Task details:
Output, word for word, the lines of this listing that fall between the line with "Michigan State Spartans" and the line with "RSC Ducktail Rear", counting both of those lines, and no others.

§ §

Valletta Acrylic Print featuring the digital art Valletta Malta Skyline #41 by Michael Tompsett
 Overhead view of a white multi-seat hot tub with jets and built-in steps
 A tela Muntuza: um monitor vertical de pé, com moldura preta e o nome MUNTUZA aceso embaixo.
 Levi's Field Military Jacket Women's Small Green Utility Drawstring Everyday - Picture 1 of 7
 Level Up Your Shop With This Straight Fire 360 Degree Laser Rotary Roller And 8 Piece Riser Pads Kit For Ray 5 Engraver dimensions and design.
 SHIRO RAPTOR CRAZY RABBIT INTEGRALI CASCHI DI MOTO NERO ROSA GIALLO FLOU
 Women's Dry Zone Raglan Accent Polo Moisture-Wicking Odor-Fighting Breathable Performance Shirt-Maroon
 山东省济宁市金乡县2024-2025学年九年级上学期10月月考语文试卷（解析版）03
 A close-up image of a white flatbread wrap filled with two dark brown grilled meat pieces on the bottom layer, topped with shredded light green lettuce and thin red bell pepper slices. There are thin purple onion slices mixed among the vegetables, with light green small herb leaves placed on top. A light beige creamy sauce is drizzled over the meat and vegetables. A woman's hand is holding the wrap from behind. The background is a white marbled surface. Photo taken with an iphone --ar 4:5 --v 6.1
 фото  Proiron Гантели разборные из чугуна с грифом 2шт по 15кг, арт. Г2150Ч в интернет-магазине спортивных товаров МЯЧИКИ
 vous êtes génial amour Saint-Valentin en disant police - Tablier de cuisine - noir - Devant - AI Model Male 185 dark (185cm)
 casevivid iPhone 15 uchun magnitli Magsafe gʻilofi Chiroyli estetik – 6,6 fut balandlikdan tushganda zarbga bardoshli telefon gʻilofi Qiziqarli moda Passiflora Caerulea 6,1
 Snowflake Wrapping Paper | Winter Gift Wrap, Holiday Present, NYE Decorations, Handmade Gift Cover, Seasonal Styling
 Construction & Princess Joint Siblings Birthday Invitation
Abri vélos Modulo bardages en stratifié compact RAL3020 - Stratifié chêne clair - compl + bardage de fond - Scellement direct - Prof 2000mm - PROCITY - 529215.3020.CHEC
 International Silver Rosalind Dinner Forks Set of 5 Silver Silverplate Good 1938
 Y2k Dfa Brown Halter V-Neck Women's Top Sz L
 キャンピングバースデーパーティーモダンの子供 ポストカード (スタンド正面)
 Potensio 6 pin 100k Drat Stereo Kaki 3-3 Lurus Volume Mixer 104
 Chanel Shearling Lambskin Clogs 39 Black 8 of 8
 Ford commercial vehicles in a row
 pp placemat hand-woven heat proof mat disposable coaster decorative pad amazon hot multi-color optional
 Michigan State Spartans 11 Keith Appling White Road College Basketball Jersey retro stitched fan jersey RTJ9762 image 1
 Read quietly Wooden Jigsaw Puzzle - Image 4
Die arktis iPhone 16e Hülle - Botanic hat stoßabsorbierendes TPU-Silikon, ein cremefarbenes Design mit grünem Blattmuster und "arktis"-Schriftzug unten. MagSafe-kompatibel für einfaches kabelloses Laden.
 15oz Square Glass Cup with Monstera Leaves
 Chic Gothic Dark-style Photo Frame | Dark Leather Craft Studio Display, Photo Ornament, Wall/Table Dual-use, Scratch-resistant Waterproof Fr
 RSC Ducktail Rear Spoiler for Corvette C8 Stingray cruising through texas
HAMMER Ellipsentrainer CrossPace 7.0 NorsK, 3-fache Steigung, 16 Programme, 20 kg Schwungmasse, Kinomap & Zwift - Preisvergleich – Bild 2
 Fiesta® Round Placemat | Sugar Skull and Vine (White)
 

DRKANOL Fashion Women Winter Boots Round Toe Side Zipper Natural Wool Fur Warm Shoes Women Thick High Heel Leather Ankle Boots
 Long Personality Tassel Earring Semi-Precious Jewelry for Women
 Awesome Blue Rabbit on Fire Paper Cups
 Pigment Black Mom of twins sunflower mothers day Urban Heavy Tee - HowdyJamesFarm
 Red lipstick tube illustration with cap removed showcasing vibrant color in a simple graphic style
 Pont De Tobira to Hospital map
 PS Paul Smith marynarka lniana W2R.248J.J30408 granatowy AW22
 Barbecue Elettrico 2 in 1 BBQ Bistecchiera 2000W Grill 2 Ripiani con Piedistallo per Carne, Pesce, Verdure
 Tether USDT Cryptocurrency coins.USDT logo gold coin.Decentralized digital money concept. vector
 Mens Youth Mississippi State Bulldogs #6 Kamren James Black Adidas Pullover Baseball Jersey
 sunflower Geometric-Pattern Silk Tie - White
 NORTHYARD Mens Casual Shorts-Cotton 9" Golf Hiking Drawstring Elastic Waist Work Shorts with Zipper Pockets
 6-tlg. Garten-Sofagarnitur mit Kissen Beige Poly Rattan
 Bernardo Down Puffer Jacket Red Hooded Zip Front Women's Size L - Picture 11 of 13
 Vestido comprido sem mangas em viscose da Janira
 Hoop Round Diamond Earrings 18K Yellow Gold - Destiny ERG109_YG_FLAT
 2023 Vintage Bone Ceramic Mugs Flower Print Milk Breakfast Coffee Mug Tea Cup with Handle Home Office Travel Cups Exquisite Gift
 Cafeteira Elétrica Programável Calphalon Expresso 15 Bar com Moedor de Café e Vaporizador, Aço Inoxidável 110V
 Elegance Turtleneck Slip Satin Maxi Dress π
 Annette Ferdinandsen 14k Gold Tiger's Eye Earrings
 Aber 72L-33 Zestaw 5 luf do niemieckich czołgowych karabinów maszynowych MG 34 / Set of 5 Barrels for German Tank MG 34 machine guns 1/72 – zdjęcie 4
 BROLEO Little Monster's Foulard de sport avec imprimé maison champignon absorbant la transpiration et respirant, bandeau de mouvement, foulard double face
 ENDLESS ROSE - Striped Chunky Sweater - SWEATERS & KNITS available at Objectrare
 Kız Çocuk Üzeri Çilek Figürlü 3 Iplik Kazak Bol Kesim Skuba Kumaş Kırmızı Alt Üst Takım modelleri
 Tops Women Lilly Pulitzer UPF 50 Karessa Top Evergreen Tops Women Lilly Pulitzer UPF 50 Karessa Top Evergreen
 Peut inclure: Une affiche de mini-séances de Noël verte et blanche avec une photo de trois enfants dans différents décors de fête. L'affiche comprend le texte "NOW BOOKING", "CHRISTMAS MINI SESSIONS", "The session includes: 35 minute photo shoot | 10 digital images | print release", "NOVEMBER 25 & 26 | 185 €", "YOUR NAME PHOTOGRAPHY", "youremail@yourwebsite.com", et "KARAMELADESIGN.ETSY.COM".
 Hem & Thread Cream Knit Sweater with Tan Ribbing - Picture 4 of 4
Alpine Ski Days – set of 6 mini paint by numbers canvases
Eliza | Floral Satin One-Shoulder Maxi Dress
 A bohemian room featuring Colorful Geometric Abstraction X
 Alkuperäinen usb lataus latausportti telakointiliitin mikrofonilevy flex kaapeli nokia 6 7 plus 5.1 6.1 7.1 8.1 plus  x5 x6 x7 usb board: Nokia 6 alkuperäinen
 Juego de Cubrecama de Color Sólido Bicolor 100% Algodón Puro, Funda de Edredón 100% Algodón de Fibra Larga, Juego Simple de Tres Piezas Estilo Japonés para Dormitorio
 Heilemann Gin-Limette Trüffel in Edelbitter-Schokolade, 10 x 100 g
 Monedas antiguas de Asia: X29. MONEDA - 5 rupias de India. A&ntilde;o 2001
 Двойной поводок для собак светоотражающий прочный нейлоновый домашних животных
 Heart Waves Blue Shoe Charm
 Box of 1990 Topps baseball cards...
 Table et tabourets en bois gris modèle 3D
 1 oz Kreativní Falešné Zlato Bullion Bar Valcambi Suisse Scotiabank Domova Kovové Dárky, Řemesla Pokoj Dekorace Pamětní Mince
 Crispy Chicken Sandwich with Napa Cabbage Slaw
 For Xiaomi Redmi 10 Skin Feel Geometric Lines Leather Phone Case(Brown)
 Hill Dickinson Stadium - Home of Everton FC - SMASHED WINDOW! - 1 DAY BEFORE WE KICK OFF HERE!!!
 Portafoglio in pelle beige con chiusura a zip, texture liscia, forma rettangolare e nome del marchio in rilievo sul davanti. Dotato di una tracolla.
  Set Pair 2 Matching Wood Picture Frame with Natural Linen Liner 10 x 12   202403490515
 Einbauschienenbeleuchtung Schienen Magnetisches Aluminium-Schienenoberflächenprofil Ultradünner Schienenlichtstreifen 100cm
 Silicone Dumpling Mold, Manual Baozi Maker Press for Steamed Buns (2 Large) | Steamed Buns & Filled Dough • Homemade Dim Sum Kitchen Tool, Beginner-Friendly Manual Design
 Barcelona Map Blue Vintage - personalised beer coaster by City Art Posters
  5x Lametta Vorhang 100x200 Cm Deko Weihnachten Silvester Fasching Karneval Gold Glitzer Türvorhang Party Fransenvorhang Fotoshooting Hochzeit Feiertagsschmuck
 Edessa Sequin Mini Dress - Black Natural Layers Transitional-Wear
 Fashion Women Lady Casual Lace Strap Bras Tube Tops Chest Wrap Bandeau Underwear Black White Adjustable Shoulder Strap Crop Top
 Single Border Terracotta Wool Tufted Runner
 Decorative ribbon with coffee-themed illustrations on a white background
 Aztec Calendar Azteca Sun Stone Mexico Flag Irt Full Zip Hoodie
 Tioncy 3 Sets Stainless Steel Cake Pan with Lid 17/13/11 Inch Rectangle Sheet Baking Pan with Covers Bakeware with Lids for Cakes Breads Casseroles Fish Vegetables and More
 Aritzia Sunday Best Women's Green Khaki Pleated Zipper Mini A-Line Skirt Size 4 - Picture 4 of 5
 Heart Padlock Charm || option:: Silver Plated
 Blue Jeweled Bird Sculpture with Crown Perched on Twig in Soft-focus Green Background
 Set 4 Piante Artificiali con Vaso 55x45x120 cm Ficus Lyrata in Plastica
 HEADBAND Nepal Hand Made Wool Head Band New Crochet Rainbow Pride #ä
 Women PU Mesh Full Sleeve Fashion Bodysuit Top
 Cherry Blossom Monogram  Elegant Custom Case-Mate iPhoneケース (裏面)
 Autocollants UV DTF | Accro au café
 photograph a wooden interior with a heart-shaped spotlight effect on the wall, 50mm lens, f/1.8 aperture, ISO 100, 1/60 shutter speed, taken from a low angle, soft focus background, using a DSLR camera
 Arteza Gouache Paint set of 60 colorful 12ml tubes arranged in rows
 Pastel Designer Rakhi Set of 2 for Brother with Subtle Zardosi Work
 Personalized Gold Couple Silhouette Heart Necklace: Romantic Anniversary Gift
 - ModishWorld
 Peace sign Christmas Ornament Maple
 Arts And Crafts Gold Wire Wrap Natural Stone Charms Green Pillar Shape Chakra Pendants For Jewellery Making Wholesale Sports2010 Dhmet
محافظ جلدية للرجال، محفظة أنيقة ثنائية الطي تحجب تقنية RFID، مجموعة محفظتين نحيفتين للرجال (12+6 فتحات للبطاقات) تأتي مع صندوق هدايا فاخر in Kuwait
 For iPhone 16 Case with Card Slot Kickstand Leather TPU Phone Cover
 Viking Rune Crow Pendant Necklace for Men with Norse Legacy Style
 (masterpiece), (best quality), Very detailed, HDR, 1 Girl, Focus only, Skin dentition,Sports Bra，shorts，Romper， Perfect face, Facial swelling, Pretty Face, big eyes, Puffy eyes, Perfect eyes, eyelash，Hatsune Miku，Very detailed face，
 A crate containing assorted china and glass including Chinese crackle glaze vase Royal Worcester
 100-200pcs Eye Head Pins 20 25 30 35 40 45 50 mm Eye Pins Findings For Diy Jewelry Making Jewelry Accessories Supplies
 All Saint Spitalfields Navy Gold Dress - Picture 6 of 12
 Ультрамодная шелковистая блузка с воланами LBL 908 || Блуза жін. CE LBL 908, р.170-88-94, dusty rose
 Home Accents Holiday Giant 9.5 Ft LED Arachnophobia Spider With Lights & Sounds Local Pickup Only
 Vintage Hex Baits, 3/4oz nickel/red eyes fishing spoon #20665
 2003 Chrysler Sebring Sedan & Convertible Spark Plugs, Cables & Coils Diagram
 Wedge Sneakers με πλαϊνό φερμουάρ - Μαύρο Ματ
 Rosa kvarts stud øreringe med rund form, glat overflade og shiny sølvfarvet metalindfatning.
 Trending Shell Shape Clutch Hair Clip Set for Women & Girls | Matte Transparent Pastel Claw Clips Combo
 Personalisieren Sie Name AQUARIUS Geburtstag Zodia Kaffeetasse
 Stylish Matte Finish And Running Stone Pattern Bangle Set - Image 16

§ §

Answer area:
 Michigan State Spartans 11 Keith Appling White Road College Basketball Jersey retro stitched fan jersey RTJ9762 image 1
 Read quietly Wooden Jigsaw Puzzle - Image 4
Die arktis iPhone 16e Hülle - Botanic hat stoßabsorbierendes TPU-Silikon, ein cremefarbenes Design mit grünem Blattmuster und "arktis"-Schriftzug unten. MagSafe-kompatibel für einfaches kabelloses Laden.
 15oz Square Glass Cup with Monstera Leaves
 Chic Gothic Dark-style Photo Frame | Dark Leather Craft Studio Display, Photo Ornament, Wall/Table Dual-use, Scratch-resistant Waterproof Fr
 RSC Ducktail Rear Spoiler for Corvette C8 Stingray cruising through texas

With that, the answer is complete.